*INPUT:*

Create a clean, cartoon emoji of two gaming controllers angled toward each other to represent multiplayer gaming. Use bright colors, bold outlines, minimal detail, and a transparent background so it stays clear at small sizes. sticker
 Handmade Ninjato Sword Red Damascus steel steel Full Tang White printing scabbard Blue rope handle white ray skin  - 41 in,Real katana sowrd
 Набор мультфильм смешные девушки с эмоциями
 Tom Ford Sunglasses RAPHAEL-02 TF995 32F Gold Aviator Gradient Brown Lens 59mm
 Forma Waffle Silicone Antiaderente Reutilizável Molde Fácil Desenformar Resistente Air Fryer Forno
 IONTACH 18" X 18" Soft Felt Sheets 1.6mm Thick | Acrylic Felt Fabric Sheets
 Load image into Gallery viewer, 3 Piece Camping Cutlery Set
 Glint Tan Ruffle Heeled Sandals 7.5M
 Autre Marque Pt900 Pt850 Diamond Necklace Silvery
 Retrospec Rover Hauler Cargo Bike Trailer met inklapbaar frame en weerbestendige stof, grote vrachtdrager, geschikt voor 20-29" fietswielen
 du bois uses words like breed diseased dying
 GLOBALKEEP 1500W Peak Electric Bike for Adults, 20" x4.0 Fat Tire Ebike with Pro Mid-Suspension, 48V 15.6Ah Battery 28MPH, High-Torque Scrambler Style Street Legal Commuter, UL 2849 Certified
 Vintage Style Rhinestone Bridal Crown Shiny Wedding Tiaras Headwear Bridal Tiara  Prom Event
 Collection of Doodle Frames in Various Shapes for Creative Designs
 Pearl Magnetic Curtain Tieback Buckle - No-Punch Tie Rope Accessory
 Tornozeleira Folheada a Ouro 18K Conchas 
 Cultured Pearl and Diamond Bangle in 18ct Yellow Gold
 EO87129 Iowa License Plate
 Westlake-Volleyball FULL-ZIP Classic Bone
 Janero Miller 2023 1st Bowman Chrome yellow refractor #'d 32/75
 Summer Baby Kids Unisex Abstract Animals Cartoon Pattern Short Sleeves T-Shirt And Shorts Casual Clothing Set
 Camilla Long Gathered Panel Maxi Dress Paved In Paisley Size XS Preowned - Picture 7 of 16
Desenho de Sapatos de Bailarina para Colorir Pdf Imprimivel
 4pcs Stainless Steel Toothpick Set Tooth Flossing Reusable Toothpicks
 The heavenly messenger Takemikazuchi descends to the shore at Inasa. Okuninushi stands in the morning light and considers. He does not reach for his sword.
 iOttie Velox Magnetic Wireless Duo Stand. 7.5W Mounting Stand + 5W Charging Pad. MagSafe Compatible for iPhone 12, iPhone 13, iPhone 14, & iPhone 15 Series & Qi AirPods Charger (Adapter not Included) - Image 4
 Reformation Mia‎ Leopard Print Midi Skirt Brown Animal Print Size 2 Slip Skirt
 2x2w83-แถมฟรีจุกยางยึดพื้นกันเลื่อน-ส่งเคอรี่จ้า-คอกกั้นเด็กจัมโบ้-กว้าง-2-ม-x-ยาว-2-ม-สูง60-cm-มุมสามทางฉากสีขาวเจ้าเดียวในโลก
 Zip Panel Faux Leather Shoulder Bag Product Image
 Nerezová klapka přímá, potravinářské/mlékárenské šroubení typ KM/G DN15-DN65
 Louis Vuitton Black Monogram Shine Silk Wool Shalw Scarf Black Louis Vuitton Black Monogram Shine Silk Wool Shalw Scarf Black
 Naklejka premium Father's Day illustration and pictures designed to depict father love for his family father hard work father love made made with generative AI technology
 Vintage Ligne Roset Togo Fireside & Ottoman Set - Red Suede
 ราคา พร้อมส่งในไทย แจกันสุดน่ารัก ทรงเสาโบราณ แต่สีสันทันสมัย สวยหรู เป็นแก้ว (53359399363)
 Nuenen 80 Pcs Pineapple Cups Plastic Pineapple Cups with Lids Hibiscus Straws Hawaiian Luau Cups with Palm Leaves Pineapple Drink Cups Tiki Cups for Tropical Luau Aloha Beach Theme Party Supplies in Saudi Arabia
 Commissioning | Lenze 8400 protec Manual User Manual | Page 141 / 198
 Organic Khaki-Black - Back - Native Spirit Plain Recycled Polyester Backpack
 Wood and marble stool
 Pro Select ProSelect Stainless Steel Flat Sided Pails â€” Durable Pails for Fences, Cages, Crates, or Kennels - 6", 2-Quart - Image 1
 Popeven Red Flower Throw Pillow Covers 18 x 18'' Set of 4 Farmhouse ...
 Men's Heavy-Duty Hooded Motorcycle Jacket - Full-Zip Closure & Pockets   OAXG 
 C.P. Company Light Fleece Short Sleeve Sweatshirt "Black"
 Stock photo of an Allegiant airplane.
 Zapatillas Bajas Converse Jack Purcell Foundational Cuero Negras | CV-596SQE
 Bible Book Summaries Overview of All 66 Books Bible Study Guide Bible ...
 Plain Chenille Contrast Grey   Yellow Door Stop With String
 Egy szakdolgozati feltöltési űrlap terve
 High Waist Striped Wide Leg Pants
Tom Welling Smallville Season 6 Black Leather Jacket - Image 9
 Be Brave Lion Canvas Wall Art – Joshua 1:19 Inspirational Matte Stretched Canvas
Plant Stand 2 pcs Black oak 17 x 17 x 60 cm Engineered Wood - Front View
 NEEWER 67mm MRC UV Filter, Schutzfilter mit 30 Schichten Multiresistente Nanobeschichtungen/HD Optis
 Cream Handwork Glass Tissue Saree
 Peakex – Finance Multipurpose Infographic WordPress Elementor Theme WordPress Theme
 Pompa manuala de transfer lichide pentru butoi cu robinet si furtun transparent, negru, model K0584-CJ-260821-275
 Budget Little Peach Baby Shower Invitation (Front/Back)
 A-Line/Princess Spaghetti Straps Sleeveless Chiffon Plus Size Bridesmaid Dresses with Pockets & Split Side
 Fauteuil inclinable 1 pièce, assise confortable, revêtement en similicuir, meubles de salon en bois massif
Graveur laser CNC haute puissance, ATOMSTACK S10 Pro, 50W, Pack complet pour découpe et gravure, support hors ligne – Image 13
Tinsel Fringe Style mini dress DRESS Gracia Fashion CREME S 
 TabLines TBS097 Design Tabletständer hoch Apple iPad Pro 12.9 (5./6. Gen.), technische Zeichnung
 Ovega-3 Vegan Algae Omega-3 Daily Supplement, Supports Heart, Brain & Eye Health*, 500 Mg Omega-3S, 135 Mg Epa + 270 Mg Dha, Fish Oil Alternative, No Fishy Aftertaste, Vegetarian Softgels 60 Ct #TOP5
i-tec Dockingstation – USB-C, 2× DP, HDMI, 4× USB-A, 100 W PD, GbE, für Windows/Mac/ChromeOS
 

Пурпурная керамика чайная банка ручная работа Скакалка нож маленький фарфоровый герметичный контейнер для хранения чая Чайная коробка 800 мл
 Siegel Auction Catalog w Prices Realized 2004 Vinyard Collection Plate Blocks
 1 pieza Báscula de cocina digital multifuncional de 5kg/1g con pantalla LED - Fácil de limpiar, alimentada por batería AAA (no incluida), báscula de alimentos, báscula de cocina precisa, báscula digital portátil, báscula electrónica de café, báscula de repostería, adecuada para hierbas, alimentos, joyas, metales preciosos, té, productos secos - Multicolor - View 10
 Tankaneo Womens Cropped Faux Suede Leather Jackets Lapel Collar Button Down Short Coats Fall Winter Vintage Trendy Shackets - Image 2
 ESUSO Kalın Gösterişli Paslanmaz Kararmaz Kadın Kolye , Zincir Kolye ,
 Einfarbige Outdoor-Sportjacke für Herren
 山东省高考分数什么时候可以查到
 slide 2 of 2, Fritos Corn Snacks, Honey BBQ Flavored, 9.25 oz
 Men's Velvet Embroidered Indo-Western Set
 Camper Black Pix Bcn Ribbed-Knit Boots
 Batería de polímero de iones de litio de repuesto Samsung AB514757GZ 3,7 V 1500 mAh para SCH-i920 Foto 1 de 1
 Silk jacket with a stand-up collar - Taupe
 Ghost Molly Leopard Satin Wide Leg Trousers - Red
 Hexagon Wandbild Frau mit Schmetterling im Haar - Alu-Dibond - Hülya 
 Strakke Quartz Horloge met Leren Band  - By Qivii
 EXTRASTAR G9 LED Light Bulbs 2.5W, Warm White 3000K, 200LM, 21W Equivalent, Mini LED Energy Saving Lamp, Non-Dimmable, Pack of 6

*AIM OF THE EXERCISE:*
Once you find the line with "Scarf Black Louis" in the entries above, output it and each line after it up to and including the line with "High Waist Striped Wide Leg Pants", and nothing else.

*SOLVED EXERCISE:*
 Louis Vuitton Black Monogram Shine Silk Wool Shalw Scarf Black Louis Vuitton Black Monogram Shine Silk Wool Shalw Scarf Black
 Naklejka premium Father's Day illustration and pictures designed to depict father love for his family father hard work father love made made with generative AI technology
 Vintage Ligne Roset Togo Fireside & Ottoman Set - Red Suede
 ราคา พร้อมส่งในไทย แจกันสุดน่ารัก ทรงเสาโบราณ แต่สีสันทันสมัย สวยหรู เป็นแก้ว (53359399363)
 Nuenen 80 Pcs Pineapple Cups Plastic Pineapple Cups with Lids Hibiscus Straws Hawaiian Luau Cups with Palm Leaves Pineapple Drink Cups Tiki Cups for Tropical Luau Aloha Beach Theme Party Supplies in Saudi Arabia
 Commissioning | Lenze 8400 protec Manual User Manual | Page 141 / 198
 Organic Khaki-Black - Back - Native Spirit Plain Recycled Polyester Backpack
 Wood and marble stool
 Pro Select ProSelect Stainless Steel Flat Sided Pails â€” Durable Pails for Fences, Cages, Crates, or Kennels - 6", 2-Quart - Image 1
 Popeven Red Flower Throw Pillow Covers 18 x 18'' Set of 4 Farmhouse ...
 Men's Heavy-Duty Hooded Motorcycle Jacket - Full-Zip Closure & Pockets   OAXG 
 C.P. Company Light Fleece Short Sleeve Sweatshirt "Black"
 Stock photo of an Allegiant airplane.
 Zapatillas Bajas Converse Jack Purcell Foundational Cuero Negras | CV-596SQE
 Bible Book Summaries Overview of All 66 Books Bible Study Guide Bible ...
 Plain Chenille Contrast Grey   Yellow Door Stop With String
 Egy szakdolgozati feltöltési űrlap terve
 High Waist Striped Wide Leg Pants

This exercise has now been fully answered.